Sunday 29 November 2015

First published: September 14 2015

Misinformation and apparent obfuscation of the facts: Syrian refugees

It would appear that we don’t know the whole story behind the deaths of 3-year old Aylan Kurdi and his brother and mother in the waters off Turkey.  It is not only the waters around Turkey that are murky.

At the very least, there are fabrications and misstatements that created a firestorm of verbosity in the aftermath of the tragedy.  And it would appear that much of it has come from the family themselves.

First, there was the aunt in British Columbia who said that she had applied for refugee status for the family and then later recanted and said that she had talked about it, but hadn’t actually filed an application.  Then, several sources have said the boy’s father.

Abdullah Kurdi, was actually a people smuggler who was driving the rubber boat that capsized.  Those people who were on the dinghy with him said that he begged them not to tell the authorities that he was in charge of the boat and then offered some of the people who lost family members in the tragedy a refund on their purchase price of making the trip.

Some wondered how the father was able to get his dead family members back to their home for burial so quickly after the tragedy.  Now, people are asking why the British Columbia aunt is suddenly showing up in Brussels as European Union ministers are meeting in the city to discuss the crisis and who has arranged for the photo-ops and media availabilities?

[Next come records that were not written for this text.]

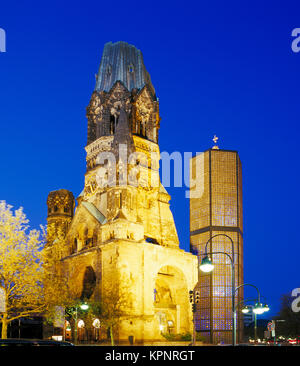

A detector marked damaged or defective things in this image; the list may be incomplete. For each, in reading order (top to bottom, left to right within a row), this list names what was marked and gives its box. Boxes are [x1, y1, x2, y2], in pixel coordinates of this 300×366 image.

damaged church tower [46, 43, 197, 344]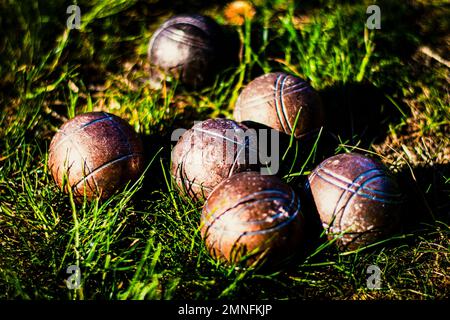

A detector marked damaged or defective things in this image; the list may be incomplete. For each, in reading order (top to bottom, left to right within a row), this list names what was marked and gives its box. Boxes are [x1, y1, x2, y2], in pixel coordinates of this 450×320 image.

rusty metal ball [149, 13, 224, 88]
rusty metal ball [232, 72, 324, 138]
rusty metal ball [47, 112, 143, 200]
rusty metal ball [171, 119, 256, 201]
rusty metal ball [201, 171, 304, 266]
rusty metal ball [308, 152, 402, 248]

There is no denying that the deaths of the children and their mother is an enormous tragedy, but there is much to this story that is untold and one gets the feeling that mainstream media in this country and abroad finds it more convenient to focus on the sensational rather than doing some digging.  Are they somehow afraid of what they might find?

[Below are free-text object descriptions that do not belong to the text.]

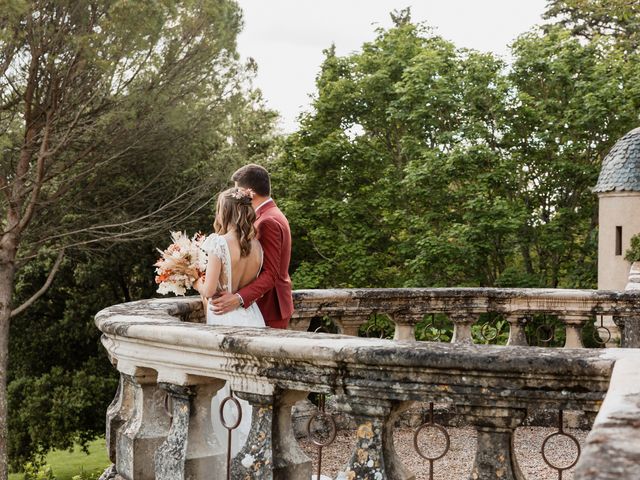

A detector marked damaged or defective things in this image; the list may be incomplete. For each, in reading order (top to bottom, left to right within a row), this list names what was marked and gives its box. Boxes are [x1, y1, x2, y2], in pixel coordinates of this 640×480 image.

rusty metal ring [480, 322, 500, 342]
rusty metal ring [536, 324, 556, 344]
rusty metal ring [592, 326, 612, 344]
rusty metal ring [219, 394, 241, 432]
rusty metal ring [306, 410, 338, 448]
rusty metal ring [416, 424, 450, 462]
rusty metal ring [540, 432, 580, 468]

The refugee crisis in this world is of monumental proportions and it is getting worse instead of better.  Huge numbers of people from Afghanistan to Syria to Iraq and various African countries are setting out in search of personal safety and economic security.  BBC reporter Lyse Doucet: ‘The head of the UN's Refugee Agency, Antonio Guterres, has repeatedly invoked one mantra: "There is no humanitarian solution for this tragic humanitarian crisis.’ The only real solution is political.” (http://www.bbc.com/news/world-middle-east-34224619)

Civil war is not new in the global political landscape and it always produces the deaths of innocents and those who try to escape the violence.  The worry of so many people in the western, developed world is that this generation of refugees will bring their political violence and hatred with them – whether against each other or the infidels that many of their religious leaders teach them to hate.

The misinformation and apparent obfuscation of the facts surrounding the tragedy of the Kurdi family only heightens that worry.